Page:Revue des Deux Mondes - 1912 - tome 11.djvu/806

Le texte de cette page a été corrigé et est conforme au fac-similé.

Madame la Dauphine, en attendant, est sublime ; c’est un ange de douceur et de résignation. Elle est bien plus grande encore dans son malheur qu’elle ne l’a été entourée de l’éclat du trône. La famille royale passera l’hiver à Edimbourg ; le Roi et le Dauphin et Madame la Dauphine avec le Duc de Bordeaux s’y rendent par mer. Madame, Mademoiselle et la duchesse de Gontaut font ce voyage par terre. Madame doit même être en ce moment à Londres ; elle compte même y revenir pour la saison, pour y danser.

L’hiver, pour nous autres à Paris, ne commence pas sous des auspices bien gais. Les rassemblemens continuent ; ils sont plus ou moins nombreux, plus ou moins tumultueux, selon les circonstances qui les font naître, et prouvent toujours l’extrême faiblesse du gouvernement. Le parti carliste se réunit à celui qui veut la République, c’est tout simple, puisqu’ils veulent avant tout l’un et l’autre renverser le gouvernement actuel. Leur réunion les rend formidables, d’autant plus que tous les mécontens, dont le nombre augmente tous les jours, s’y jettent aussi. L’indépendance du clergé de tout pouvoir temporel, prêchée par l’abbé de Lamennais dans l’Avenir, journal qui paraît sous sa direction, prouve à l’évidence la réunion de ces deux partis. Ce journal est écrit avec toute l’exaltation religieuse et républicaine en même temps. C’est un triste pays que la France.
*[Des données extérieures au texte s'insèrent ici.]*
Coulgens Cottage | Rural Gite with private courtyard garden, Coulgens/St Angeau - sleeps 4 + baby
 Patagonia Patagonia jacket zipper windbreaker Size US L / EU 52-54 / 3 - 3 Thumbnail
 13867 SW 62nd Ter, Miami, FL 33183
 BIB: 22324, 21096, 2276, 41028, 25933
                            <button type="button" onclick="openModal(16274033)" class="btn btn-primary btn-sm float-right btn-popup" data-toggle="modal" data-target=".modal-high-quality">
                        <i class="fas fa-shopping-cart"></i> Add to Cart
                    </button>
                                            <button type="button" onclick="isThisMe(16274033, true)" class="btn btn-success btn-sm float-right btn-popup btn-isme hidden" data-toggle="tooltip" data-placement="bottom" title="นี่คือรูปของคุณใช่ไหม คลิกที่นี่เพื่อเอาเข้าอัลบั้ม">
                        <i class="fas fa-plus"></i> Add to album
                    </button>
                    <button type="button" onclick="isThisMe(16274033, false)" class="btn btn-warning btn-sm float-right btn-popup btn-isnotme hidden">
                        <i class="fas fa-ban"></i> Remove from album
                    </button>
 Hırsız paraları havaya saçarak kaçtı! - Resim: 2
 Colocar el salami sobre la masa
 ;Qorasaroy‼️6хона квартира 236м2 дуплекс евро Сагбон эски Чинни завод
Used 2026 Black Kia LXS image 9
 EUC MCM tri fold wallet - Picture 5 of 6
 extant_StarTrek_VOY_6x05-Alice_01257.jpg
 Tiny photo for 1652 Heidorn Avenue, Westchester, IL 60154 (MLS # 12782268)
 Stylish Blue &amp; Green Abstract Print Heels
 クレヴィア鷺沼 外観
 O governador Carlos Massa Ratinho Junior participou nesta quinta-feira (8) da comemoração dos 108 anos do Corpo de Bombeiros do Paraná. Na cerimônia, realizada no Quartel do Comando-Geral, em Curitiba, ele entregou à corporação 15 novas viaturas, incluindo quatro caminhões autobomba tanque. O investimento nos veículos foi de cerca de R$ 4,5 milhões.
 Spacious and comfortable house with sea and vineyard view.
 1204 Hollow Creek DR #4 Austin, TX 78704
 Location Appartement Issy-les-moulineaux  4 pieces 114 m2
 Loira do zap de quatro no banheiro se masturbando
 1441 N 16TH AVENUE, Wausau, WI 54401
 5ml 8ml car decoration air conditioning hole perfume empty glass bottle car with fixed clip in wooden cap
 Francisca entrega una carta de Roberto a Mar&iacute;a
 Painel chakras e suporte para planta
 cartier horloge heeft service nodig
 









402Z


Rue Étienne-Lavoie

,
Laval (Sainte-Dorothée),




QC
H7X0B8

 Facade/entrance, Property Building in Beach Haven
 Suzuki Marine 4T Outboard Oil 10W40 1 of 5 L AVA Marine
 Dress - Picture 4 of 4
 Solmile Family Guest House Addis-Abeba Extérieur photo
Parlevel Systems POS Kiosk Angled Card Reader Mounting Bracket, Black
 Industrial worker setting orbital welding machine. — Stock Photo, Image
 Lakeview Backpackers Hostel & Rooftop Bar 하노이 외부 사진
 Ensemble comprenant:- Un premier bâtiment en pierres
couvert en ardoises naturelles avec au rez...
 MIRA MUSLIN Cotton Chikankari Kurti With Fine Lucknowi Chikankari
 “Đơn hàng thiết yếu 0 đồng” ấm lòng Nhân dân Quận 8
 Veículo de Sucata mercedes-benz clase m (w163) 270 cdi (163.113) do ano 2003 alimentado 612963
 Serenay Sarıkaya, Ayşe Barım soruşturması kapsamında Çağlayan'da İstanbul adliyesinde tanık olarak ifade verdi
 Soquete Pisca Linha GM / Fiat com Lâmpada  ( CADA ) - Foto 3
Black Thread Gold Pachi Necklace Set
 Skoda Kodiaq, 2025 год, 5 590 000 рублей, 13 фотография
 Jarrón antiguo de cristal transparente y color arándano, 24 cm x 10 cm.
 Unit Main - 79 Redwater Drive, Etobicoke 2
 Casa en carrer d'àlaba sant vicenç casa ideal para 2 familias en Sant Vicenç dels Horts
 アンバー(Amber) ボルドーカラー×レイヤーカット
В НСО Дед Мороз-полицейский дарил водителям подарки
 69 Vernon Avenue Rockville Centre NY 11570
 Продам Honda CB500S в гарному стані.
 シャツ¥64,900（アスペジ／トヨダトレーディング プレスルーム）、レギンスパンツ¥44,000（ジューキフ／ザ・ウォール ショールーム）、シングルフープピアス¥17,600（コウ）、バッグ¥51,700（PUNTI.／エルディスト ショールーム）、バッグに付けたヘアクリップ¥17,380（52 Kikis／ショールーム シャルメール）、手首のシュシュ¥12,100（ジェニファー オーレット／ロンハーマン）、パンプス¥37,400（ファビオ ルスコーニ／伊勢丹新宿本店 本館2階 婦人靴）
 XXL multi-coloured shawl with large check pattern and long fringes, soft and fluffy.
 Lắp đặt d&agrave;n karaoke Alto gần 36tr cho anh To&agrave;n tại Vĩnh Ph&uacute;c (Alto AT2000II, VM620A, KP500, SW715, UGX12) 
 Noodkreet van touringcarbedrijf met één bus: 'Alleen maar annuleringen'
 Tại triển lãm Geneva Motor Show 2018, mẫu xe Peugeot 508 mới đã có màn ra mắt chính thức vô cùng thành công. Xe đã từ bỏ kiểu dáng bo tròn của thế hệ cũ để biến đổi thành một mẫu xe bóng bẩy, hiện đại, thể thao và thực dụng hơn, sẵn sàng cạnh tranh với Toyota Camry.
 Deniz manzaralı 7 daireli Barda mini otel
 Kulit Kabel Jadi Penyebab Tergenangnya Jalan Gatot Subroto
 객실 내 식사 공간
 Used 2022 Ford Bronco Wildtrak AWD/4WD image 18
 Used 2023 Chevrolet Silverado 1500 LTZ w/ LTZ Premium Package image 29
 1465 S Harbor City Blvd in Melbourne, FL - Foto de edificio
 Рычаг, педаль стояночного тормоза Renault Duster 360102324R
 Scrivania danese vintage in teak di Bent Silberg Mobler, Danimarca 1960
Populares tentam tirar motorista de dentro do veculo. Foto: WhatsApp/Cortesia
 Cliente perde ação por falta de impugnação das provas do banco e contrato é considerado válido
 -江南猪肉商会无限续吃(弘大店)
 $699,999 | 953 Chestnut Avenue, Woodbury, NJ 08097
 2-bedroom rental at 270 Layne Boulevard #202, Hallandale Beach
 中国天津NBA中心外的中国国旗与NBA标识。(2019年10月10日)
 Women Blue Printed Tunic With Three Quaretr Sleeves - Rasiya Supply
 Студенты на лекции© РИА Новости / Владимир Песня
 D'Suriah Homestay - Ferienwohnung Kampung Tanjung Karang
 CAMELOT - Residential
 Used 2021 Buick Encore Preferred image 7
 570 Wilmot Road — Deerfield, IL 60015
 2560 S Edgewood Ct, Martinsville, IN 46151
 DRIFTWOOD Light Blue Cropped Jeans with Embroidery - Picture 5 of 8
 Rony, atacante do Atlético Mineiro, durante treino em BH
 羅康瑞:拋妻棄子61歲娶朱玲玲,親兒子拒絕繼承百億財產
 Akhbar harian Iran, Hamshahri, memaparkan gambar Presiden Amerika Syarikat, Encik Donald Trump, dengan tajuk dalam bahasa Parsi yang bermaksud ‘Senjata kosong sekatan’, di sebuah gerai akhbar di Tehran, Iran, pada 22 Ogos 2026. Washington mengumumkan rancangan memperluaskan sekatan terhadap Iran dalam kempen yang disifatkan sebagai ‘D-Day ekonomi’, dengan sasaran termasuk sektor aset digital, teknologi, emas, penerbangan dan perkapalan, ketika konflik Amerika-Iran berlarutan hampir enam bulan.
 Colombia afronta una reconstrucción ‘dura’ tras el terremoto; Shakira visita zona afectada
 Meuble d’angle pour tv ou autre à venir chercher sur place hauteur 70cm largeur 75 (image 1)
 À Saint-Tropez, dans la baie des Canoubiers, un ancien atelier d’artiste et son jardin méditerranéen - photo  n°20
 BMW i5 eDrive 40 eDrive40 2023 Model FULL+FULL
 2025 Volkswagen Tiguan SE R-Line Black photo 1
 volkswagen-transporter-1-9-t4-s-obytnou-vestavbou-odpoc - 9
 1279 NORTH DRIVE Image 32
30 octobre. — Mous avons dîné chez le Roi, nous étions cinquante personnes à table. La société en fut un peu plus choisie qu’à l’ordinaire, et cela en notre honneur. Entre les personnes marquantes, je citerai les maréchaux Gérard et Maison et M. d’Harcourt qu’on désigne comme ambassadeur en Espagne ; c’est un homme tout chétif, tout maigre : je l’avais pour vis-à-vis. Le comte Mole, notre ministre des Affaires étrangères, tout chancelant, était à côté de M. d’Harcourt. Notre cher M. Molé, autant que je me rappelle, a toujours eu mauvaise mine ; mais sa figure d’aujourd’hui fait pitié ; il n’y a que ses yeux noirs qui dardent et lancent des feux de temps à autre, entourés d’une figure toute décharnée avec un teint sépulcral. Son expression lugubre vous fait entrevoir ses souffrances morales et physiques et vous communique un malaise indéfinissable.